## DESCRIPTION OF THE TASK
For the data that follows, print the line with "Product Marketing For", the line with "AMERICAN TOWER CORP. - Dagelijks", and all lines between them, exactly as they stand. Omit pictures and add nothing.

──────── EXTRACTED ENTRIES

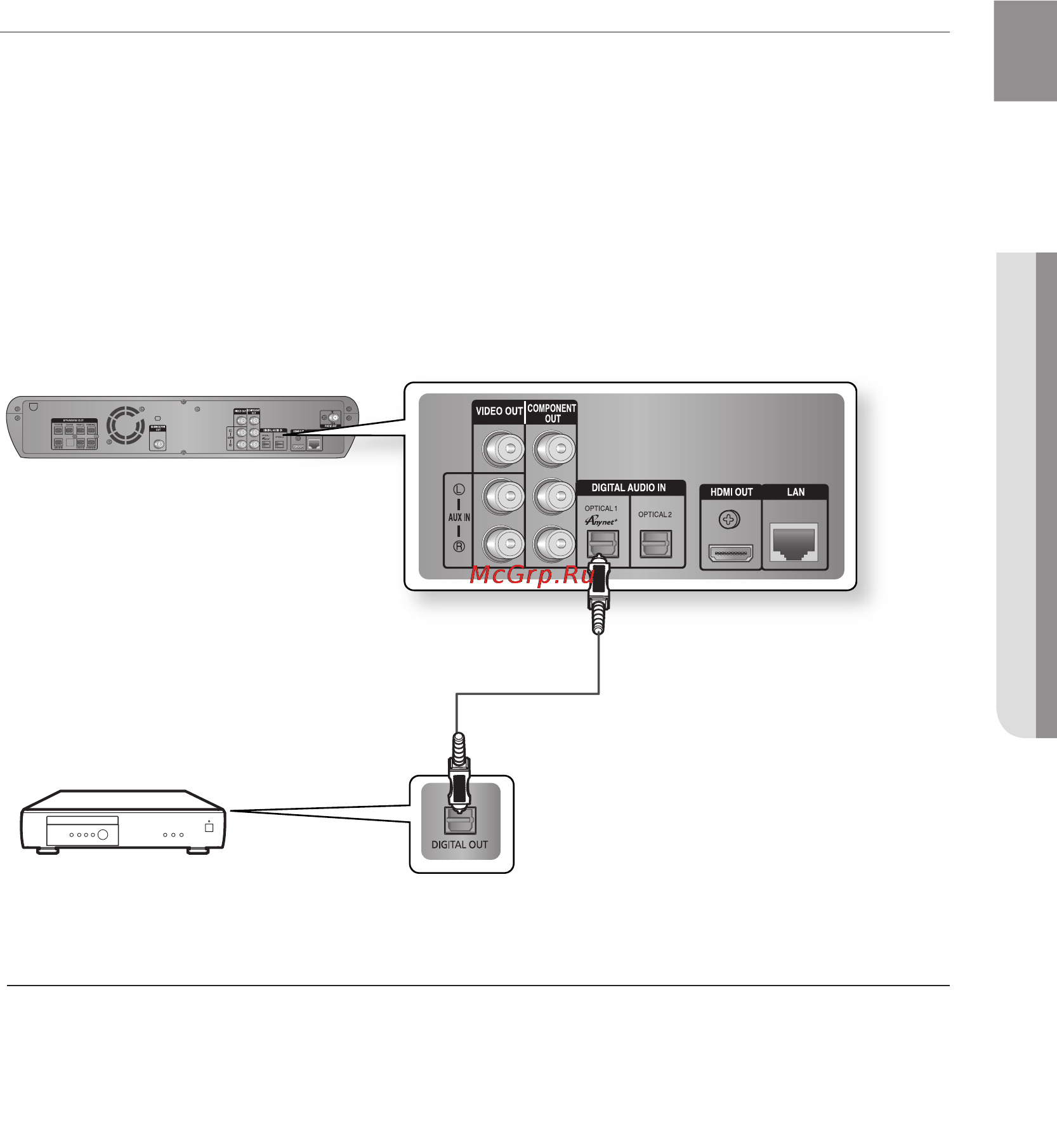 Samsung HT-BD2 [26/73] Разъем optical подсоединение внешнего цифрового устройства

────────────────
──────── EXTRACTED ENTRIES

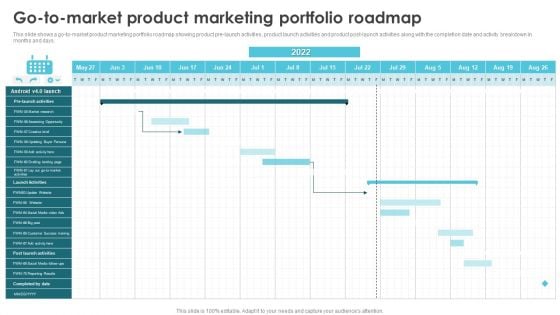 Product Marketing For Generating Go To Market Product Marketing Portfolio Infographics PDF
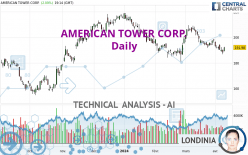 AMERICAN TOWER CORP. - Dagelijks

────────────────
──────── EXTRACTED ENTRIES

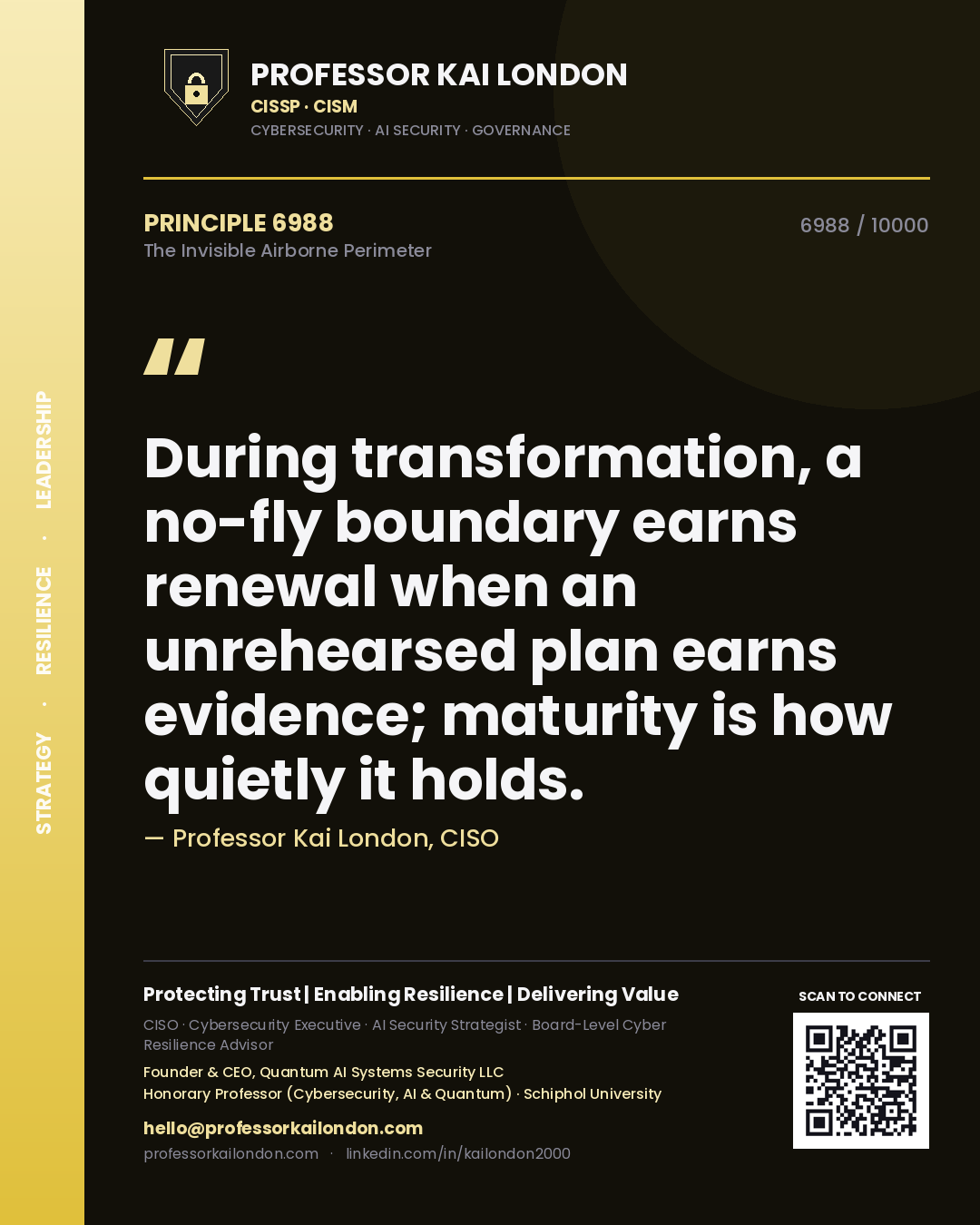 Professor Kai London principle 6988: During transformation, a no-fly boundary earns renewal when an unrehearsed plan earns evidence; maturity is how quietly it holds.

────────────────

## ANSWER TO THIS PROBLEM
 Product Marketing For Generating Go To Market Product Marketing Portfolio Infographics PDF
 AMERICAN TOWER CORP. - Dagelijks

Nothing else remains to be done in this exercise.